Berlusconi accused of persuading witness to lie

From victim to suspect: A Naples judge has turned an extortion case on its head, stating Silvio Berlusconi should be investigated for persuading a witness to lie, while the accused – a Bari businessman – is freed from custody.

AN ITALIAN JUDGE has told prosecutors in Naples that they should begin an investigation into whether Silvio Berlusconi paid a Bari businessman to lie to magistrates about his now infamous “bunga-bunga” parties.

According to the ANSA news agency, the case was turned on its head yesterday when the judge recommended that prosecutors should probe the Premier for inducing Gianpaolo Tarantini to lie.

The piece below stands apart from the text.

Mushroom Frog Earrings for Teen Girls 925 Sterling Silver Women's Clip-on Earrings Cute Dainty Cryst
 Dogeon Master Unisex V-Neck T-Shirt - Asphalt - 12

Up to that point, the case focused on Tarantini – who was accused of extorting large payments from Berlusconi in exchange for his cooperation in a prostitution case.

Prosecutors in Naples had said that the businessman had extorted hundreds of thousands of euros to ensure minimal publication of wiretaps of embarrassing conversations about the wild parties.

The wiretaps, which eventually were splashed across Italian newspapers, featured Berlusconi boasting after one party he “only did eight of them” and that he was only premier in his “spare time”.

Tarantini is suspected of providing women to attend the prime minister’s parties in his homes outside Milan. According to prosecutors, he recruited the women in the hopes of exchanging sex for public contracts from Berlusconi’s government.

The Italian PM does not deny making the payments but insists he thought he was helping a family in financial need.

Tarantini also claims that Berlusconi did not know he was paying women to attend the “bunga-bunga” parties with an aim to advance his business interests.

The Naples tribunal ruled that Berlusconi was fully aware the girls were escorts and ordered that Tarantini should be freed from jail.

However, the businessman faces further probes in Bari for allegedly aiding and abetting prostitution. Prostitution is legal in Italy but profiting from it is not.

From victim to suspect

The judge has only made a recommendation to prosecutors and the PM is not yet under investigation. Previously, authorities had said he was a victim in this case.

The 74-year-old is already entangled in four separate court cases. Two concern accusations of suspected fraud at his Mediaset business empire, while another relates to charges of  paying for sex with an underage prostitute and then using his position and power to cover it up.

The fourth case deals with suspicions that he bribed a British tax lawyer to perjure himself in court during a corruption trial in the 1990s.

According to ANSA, a fifth trial could also be imminent for involvement in the publication of illegally obtained wiretaps in his brother’s daily newspaper.

Berlusconi claims that the numerous trials are part of efforts by prosecutors to topple him from power.